The average temperature in the Himalayas can be about 80 F at lower elevations during the summer and 14 F during the winter. The minimum temperature in May in the eastern part of the mountains is 52 F, and the minimum temperature in May near the base of Mount Everest is 17 F which drops to -8 F as you reach an elevation of 19,500 ft. The maximum temperature is eighties in the summer at lower elevations and it once reached 76 F in the alpine regions.
The reason for the broad ranging temperature and rainfall amounts is the fact that the Himalayas are a long mountain range that spreads through Pakistan, India, Bhutan, and Nepal with many different elevations. The highest point of the Himalayas is Mount Everest, topping in at 29,029 ft above sea level, and one of the passes is as low as 2,600 ft above sea level. Clouds can have trouble getting across the mountains and rain more on one side than another, and the changing height leads to a lot of different temperatures. With a length of 1,500 miles and this much variation in height, it is no wonder there are many variations in temperature and rainfall. There are two seasons mainly in the Himalayas, winter and summer. In the eastern Himalayas, the monsoon season starts in June and lasts until September. Then, it moves on to the western portion.
Net Primary Productivity
The Himalayas are a combination of many different ecosystems.
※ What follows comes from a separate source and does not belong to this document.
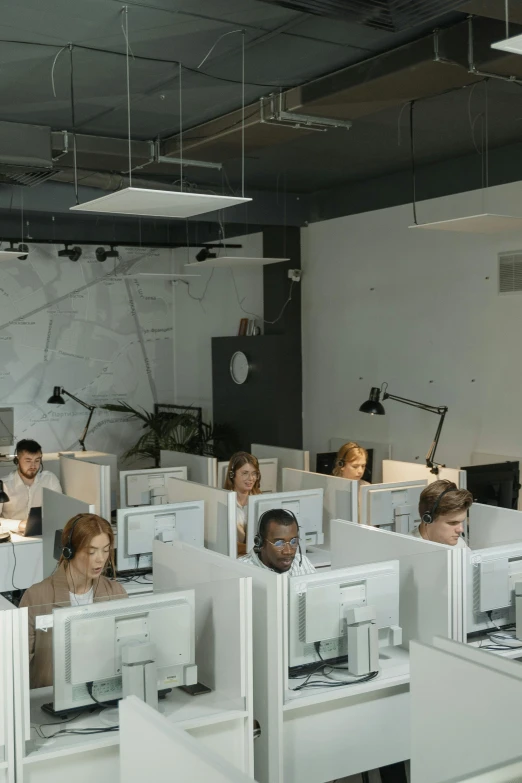 a group of people working on computers in an office, pexels, renaissance, working in a call center, ignant, grey shift, pixelated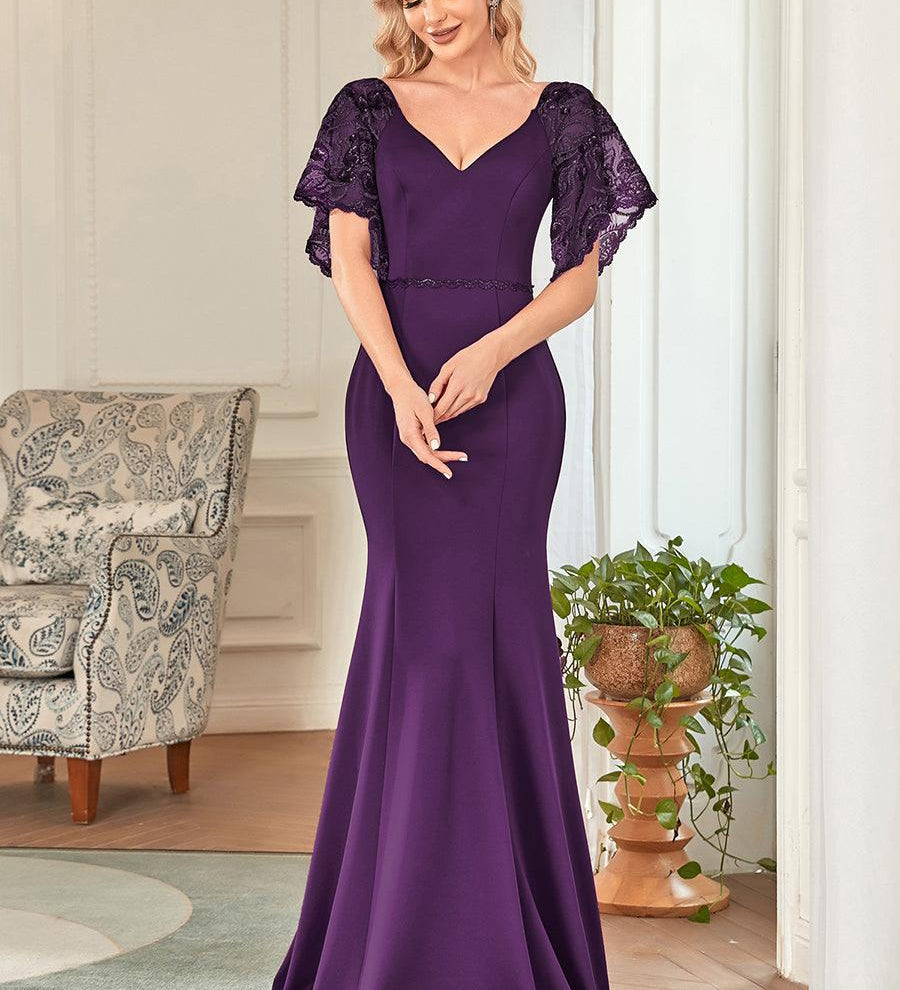 ever SLOANE|Robe de Soirée Sirène Moulante Sexy à Col en V et Manches évasée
At the top of the mountains, there is a tundra ecosystem where net primary productivity is about 600 and the growing season is none. At the base of the mountains, there are temperate grasslands where net primary productivity is about 2000 and the growing season is none. The approximate kilocalories per square meter per day is 2 for the tundra and 6 for the temperate grasslands. The average rainfall can be the same or vary by 20 inches in some places. The tundra takes up 33% of the Earth's surface and the temperate grasslands take up 21%. Compared to almost all of the other biomes, tundra and temperate grassland biomes are terrible for farming and are colder than others. They also have less net primary productivity and fewer kilocalories used per square meter than all the others. They receive less rainfall than forest biomes, but more than estuarys, swamps, savannas, and deserts. They also take up about half of the worlds land combined with desert and savanna biomes which they are relatively similar to.
The soil quality at the top, sides, and base of the mountain is not very conducive to farming. It is cold for most of the year and the soil is relatively thin and is covered in snow much of the time. It has nutrients but the climate doesn't allow for much farming.